[[ PROVIDED RECORDS open ]]
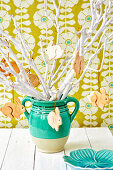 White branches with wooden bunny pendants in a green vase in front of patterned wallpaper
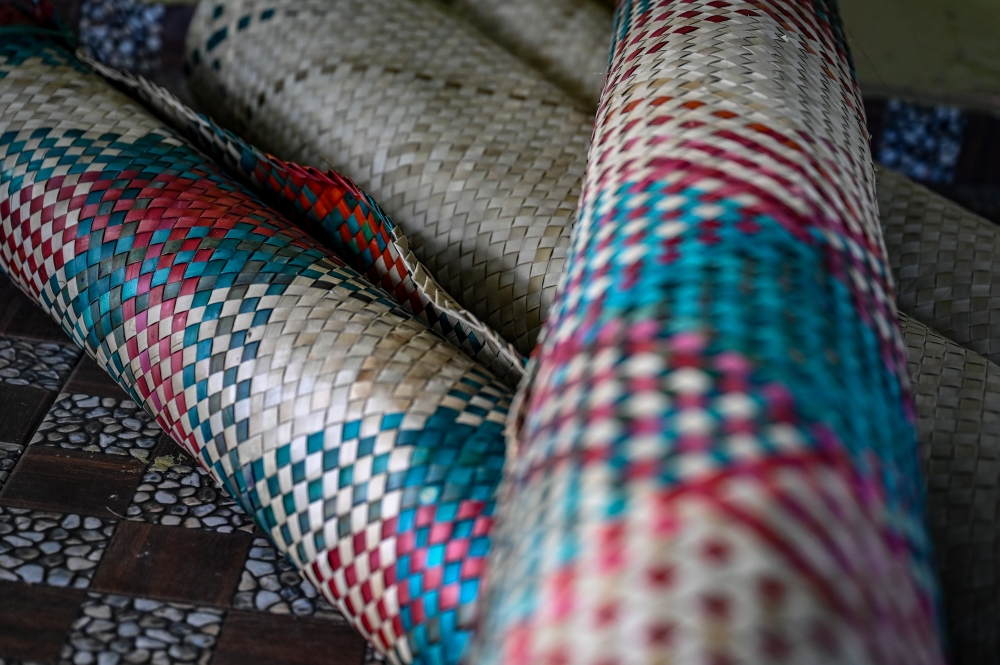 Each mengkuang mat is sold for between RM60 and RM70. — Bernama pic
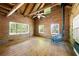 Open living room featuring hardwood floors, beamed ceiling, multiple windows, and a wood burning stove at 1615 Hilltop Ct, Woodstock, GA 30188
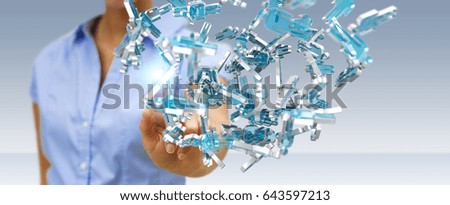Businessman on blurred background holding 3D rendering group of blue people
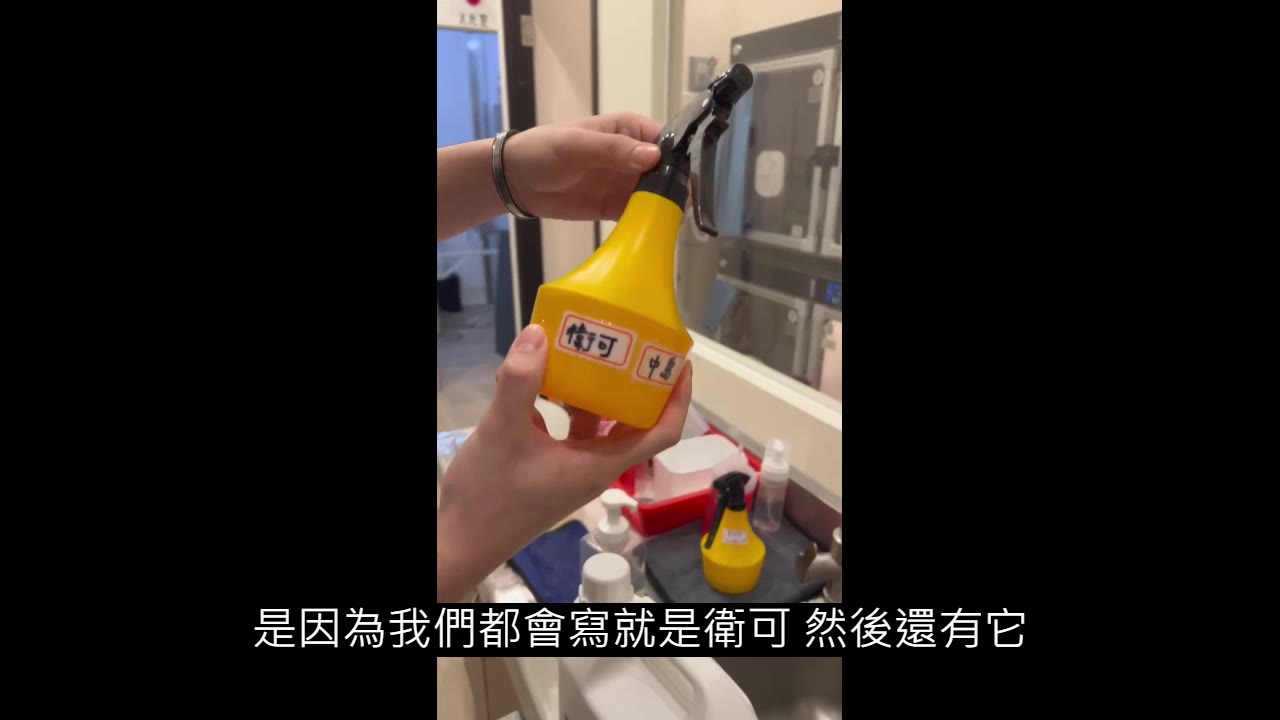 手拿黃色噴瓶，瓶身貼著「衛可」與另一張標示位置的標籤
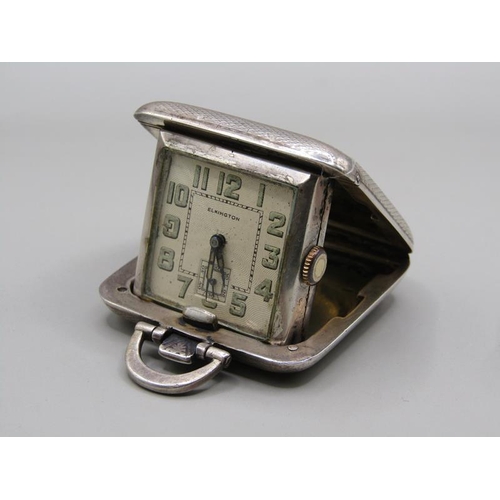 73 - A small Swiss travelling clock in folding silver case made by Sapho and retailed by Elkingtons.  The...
[[ PROVIDED RECORDS closed ]]
[[ PROVIDED RECORDS open ]]
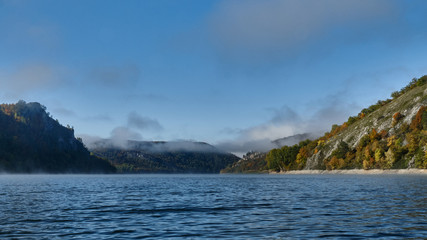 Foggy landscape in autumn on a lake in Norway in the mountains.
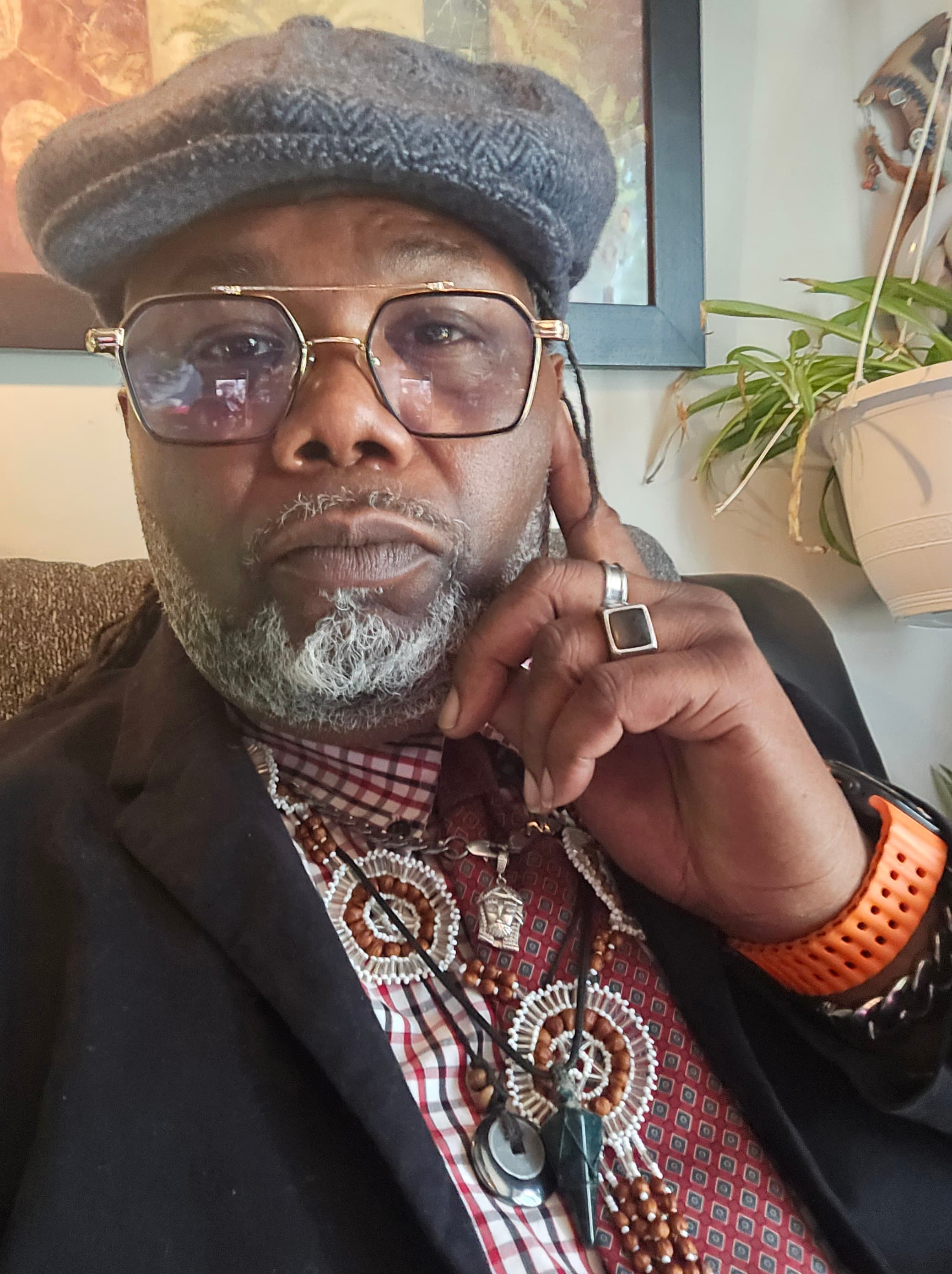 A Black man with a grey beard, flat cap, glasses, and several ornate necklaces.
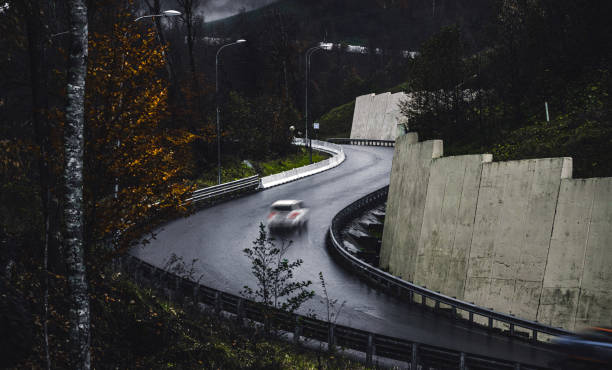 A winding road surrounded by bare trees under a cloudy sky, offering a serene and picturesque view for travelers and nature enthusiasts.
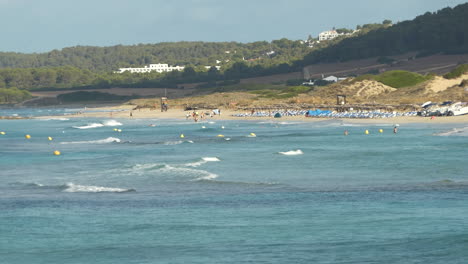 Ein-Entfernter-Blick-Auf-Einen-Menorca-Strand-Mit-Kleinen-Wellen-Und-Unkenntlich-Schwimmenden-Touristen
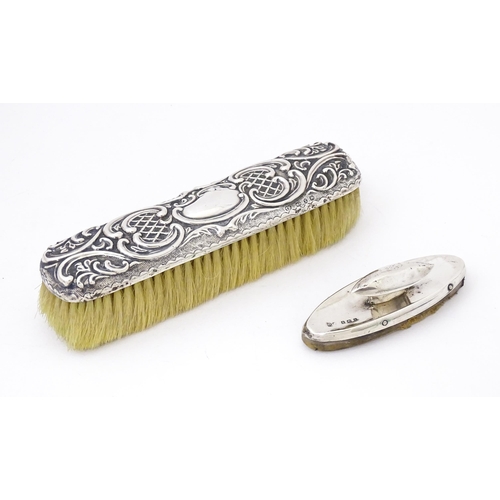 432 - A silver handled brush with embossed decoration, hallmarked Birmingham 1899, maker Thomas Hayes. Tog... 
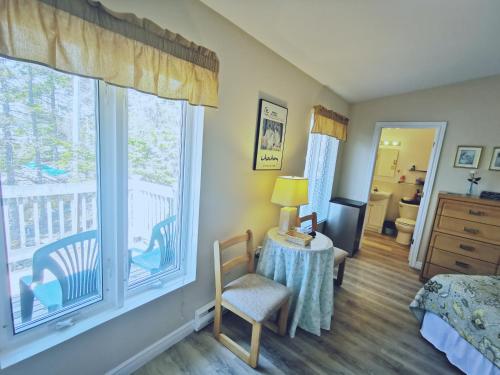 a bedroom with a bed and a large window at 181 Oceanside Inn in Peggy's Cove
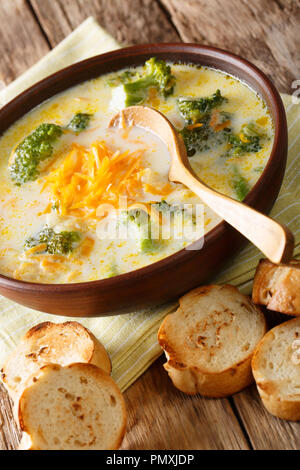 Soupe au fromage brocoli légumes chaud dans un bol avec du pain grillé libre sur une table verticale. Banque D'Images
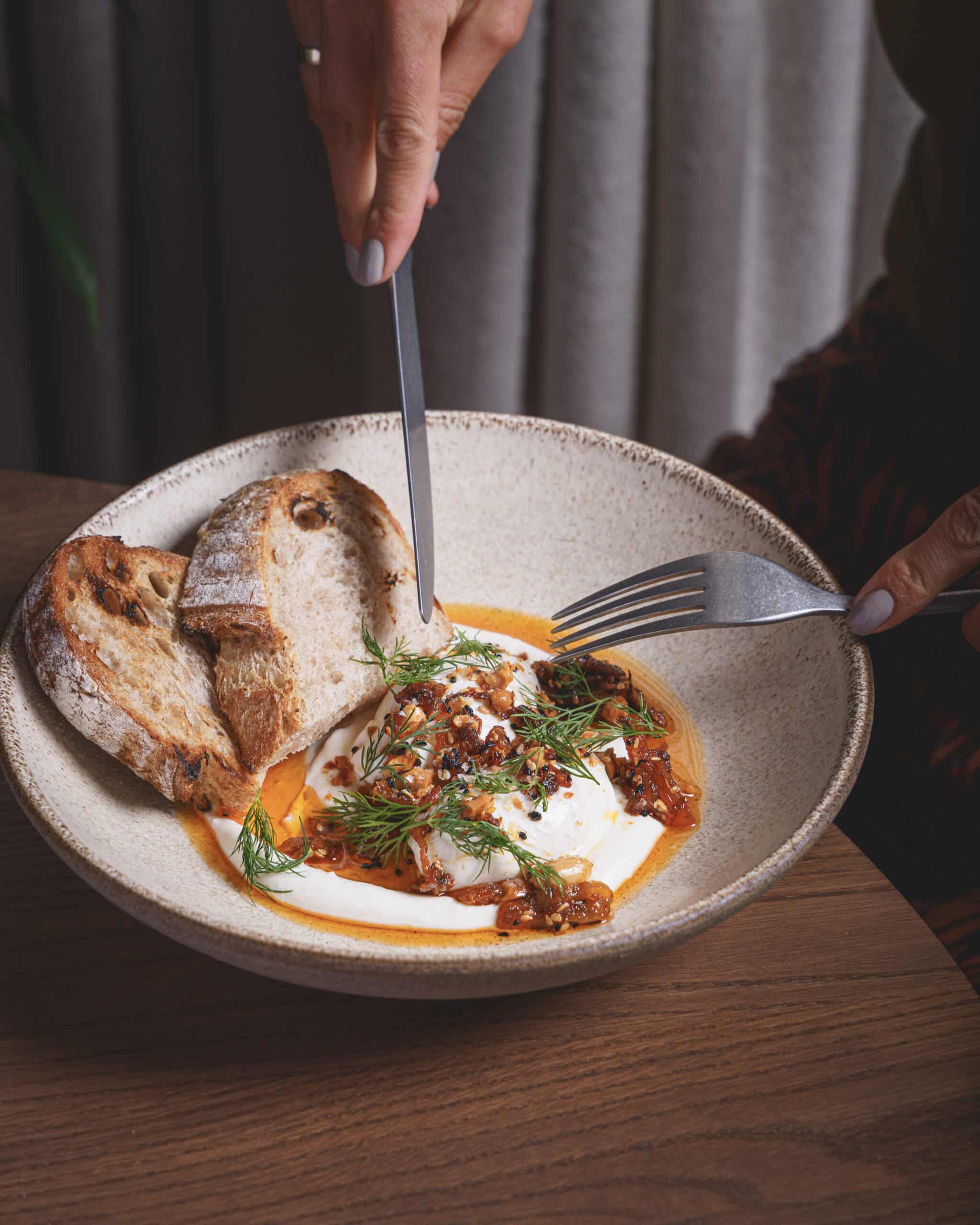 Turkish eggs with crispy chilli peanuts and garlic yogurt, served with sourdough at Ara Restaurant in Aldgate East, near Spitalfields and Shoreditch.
[[ PROVIDED RECORDS closed ]]
[[ PROVIDED RECORDS open ]]
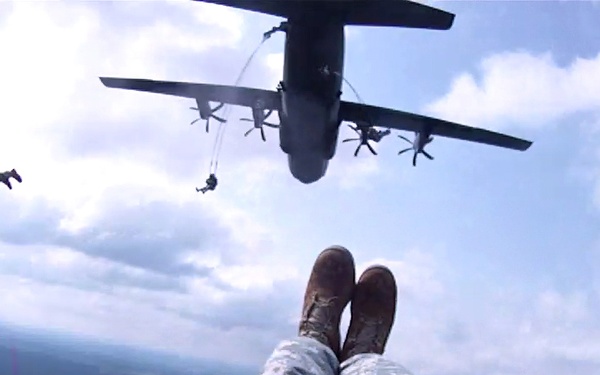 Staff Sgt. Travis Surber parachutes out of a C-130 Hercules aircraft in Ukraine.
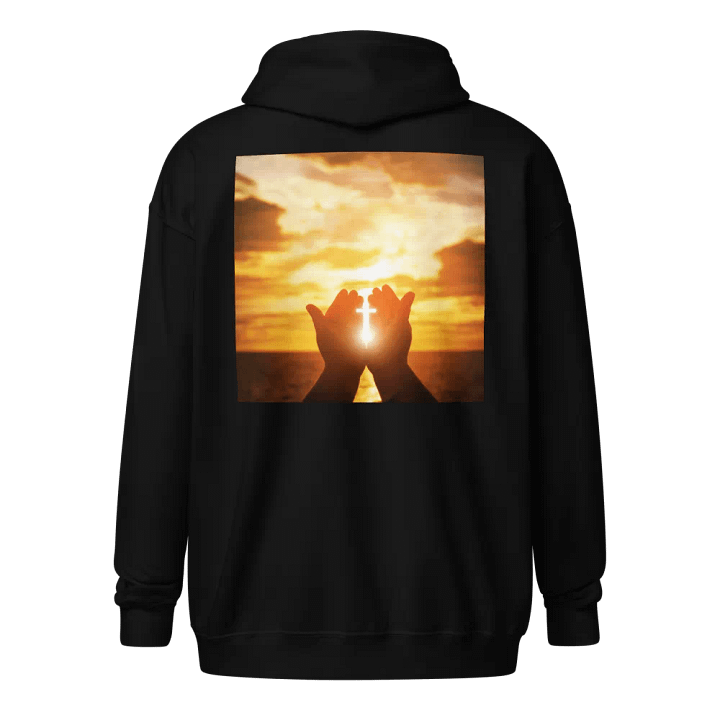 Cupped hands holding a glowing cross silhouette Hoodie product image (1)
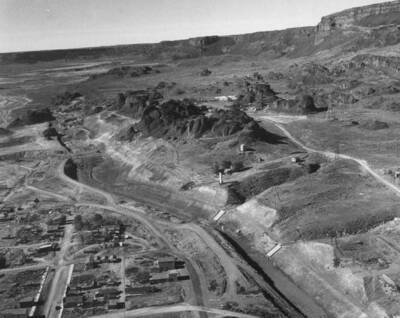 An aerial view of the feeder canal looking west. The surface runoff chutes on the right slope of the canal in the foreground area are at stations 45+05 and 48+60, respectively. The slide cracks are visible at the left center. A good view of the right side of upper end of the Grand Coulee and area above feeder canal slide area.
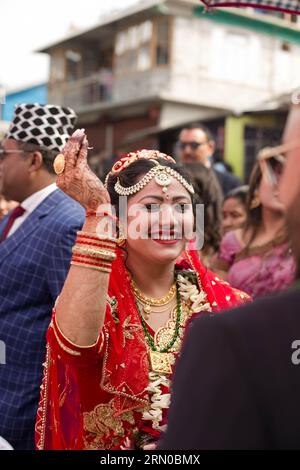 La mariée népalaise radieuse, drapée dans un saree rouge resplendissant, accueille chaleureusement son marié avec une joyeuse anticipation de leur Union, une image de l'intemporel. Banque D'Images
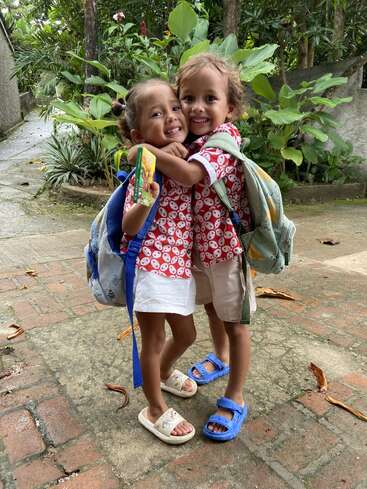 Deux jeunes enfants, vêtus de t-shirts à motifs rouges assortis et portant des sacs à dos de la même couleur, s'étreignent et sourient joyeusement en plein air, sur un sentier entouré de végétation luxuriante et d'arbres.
[[ PROVIDED RECORDS closed ]]
* THE PROBLEM *
Repeat exactly, and only, the entries from the line with "432 - A silver" through the line with "Soupe au fromage". Pictures are skipped.

* ANSWER AREA *
 432 - A silver handled brush with embossed decoration, hallmarked Birmingham 1899, maker Thomas Hayes. Tog... 
 a bedroom with a bed and a large window at 181 Oceanside Inn in Peggy's Cove
 Soupe au fromage brocoli légumes chaud dans un bol avec du pain grillé libre sur une table verticale. Banque D'Images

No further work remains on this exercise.